Posters

Abstract

Based on the Author's recent experience, primarily but not exclusively in the Nordic region, there is a growing body of evidence, primarily from operational wind farm SCADA data, that suggests conventional wake models with typical parametrisation that are used extensively in the wind industry under-predict the magnitude of wake losses. It is postulated that this is, at least in part, due to prevailing stable atmospheric conditions leading to wake effects persisting for greater distances downstream than typically modelled in the onshore environment, although other factors, such as cumulative induction zone effect (CIZE), also termed blockage effect, may also be relevant. The magnitude of wake loss under-prediction can be significant and may be particularly relevant within large development clusters. During energy yield assessment reconciliation exercises, adjustments are considered for all factors that can be quantified from operational data, such as wind resource and turbine availability; however, there are other factors, such as wind flow model error and turbine power performance, that cannot be quantified.
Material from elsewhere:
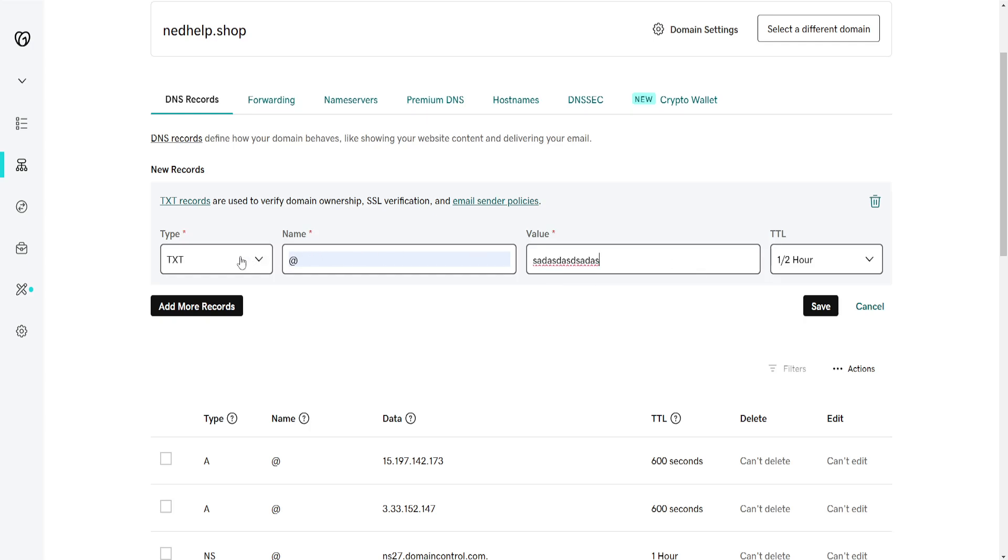If you have selected TXT, 'at', and then you have written the specific value here, you can click on save. That's how you verify ownership of a domain in GoDaddy.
As such, there is some degree of uncertainty regarding the level of bias that may be attributed to wake loss modelling in isolation. Nonetheless, evidence, including wake model validation, suggests that wake loss under-prediction is a significant contributing factor. Based on the individual wake model results and a reconciliation assessment, the level of uncertainty associated with wake modelling is appraised to advise appropriate uncertainty allocations in energy yield assessment.